Task brief -> Below are some entries. Copy each line in them that holds "White".

Data for the task ->
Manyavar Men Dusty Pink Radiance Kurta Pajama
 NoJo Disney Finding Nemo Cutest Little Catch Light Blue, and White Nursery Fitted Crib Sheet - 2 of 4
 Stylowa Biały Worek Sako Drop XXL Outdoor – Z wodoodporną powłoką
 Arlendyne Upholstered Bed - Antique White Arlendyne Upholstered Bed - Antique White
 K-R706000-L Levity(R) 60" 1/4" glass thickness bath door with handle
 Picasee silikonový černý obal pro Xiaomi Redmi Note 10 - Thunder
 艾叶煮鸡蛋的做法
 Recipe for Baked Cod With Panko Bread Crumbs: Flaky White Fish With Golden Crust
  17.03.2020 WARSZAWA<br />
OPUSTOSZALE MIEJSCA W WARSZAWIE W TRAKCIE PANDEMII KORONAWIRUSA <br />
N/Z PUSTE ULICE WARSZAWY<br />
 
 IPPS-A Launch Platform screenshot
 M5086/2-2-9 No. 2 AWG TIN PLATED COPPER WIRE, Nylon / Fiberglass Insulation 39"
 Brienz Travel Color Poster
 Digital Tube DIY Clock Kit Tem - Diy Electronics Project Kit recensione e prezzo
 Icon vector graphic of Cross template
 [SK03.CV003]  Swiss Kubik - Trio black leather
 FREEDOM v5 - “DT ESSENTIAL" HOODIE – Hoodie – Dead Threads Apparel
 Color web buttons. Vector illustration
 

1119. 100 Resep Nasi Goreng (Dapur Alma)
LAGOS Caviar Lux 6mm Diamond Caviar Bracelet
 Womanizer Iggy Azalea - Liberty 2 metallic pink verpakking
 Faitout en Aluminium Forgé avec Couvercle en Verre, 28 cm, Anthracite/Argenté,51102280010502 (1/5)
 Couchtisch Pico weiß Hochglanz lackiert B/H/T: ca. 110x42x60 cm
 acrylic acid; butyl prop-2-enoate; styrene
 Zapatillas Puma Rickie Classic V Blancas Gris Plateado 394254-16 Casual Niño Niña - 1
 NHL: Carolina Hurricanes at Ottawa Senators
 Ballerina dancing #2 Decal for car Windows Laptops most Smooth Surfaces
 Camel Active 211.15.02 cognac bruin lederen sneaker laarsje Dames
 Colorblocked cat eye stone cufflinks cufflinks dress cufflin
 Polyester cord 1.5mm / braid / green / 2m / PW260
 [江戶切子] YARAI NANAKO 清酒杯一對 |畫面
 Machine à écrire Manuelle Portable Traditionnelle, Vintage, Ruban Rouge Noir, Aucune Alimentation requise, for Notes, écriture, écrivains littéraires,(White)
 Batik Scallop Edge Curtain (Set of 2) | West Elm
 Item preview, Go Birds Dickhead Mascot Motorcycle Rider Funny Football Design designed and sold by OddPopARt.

Task solution ->
 NoJo Disney Finding Nemo Cutest Little Catch Light Blue, and White Nursery Fitted Crib Sheet - 2 of 4
 Arlendyne Upholstered Bed - Antique White Arlendyne Upholstered Bed - Antique White
 Recipe for Baked Cod With Panko Bread Crumbs: Flaky White Fish With Golden Crust
 Machine à écrire Manuelle Portable Traditionnelle, Vintage, Ruban Rouge Noir, Aucune Alimentation requise, for Notes, écriture, écrivains littéraires,(White)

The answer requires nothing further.